ASRS LIVE – Dystrophies rétiniennes : l’année où les essais thérapeutiques changent d’échelle
Les dystrophies rétiniennes héréditaires occupaient une place importante cette année à l’ASRS. Et le sentiment qui se dégageait des sessions était assez nouveau.
Pendant longtemps, ces présentations étaient surtout des démonstrations de faisabilité. Aujourd’hui, plusieurs programmes arrivent à maturité avec des essais de phase 3 positifs, des biomarqueurs de plus en plus robustes et des traitements qui commencent réellement à modifier l’histoire naturelle de certaines maladies.
Petit tour d’horizon des études qui ont marqué ces sessions.

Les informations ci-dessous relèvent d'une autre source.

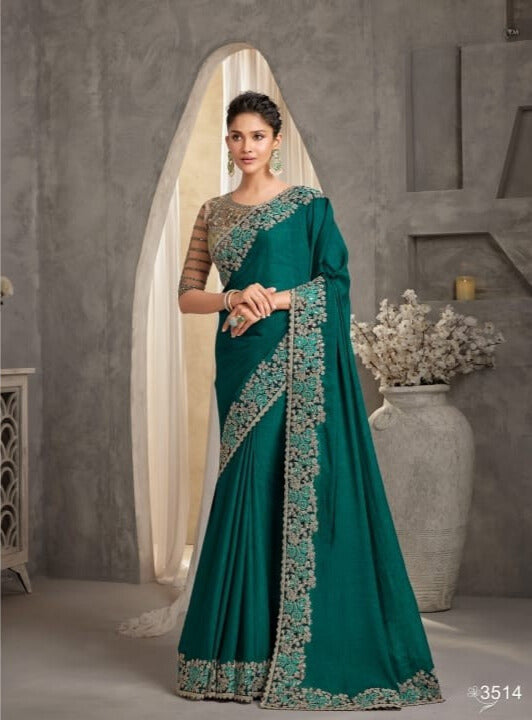 Shimmering Silk Georgette Fabric Lace Border Work Chiffon Saree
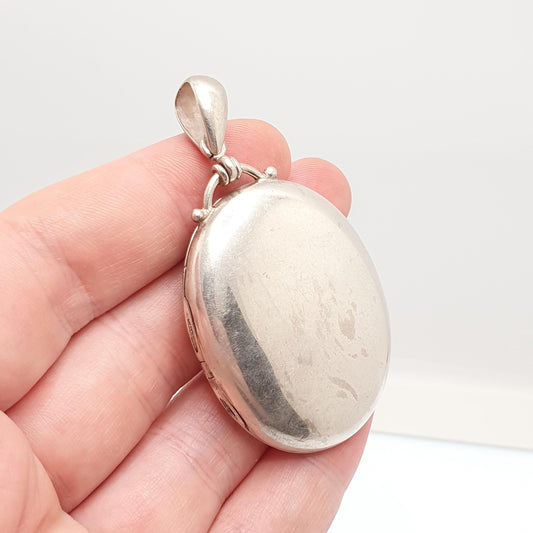 Antique Victorian Solid Silver Locket Smooth Polished Plain Blank Big Large Oval Necklace Pendant Vintage Jewellery Jewelry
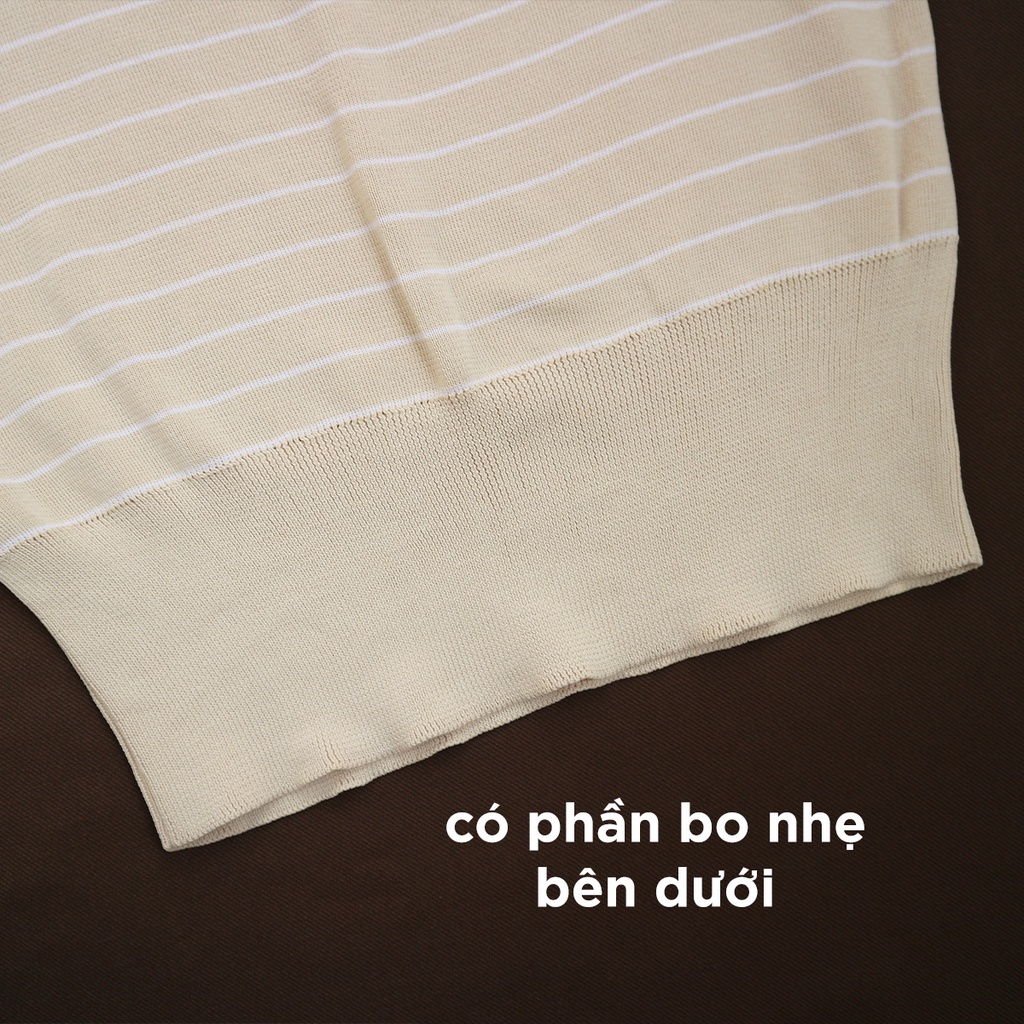 Áo mongtoghi 3 lỗ sọc trắng kem freesize dưới 52kg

Par le Dr Isabelle Aknin, présidente de l’ARMD
1- Stargardt : plusieurs approches thérapeutiques, enfin des résultats
S’il fallait retenir une maladie cette année, ce serait probablement la maladie de Stargardt.
Jamais autant de stratégies thérapeutiques n’avaient été présentées simultanément.
a – Tinlarebant : la première phase 3 positive
Le résultat le plus attendu concernait l’essai DRAGON, présenté par Paul Bernstein.
Le tinlarebant est un traitement oral qui diminue les concentrations circulantes de RBP4, réduisant ainsi l’apport de vitamine A à la rétine et donc la formation des bisrétinoïdes toxiques responsables de l’accumulation de lipofuscine dans les mutations ABCA4.
Les résultats sont impressionnants.
À 25 mois, le traitement ralentit de 35,7 % la progression de l’atrophie (DDAF) par rapport au placebo (p = 0,0033).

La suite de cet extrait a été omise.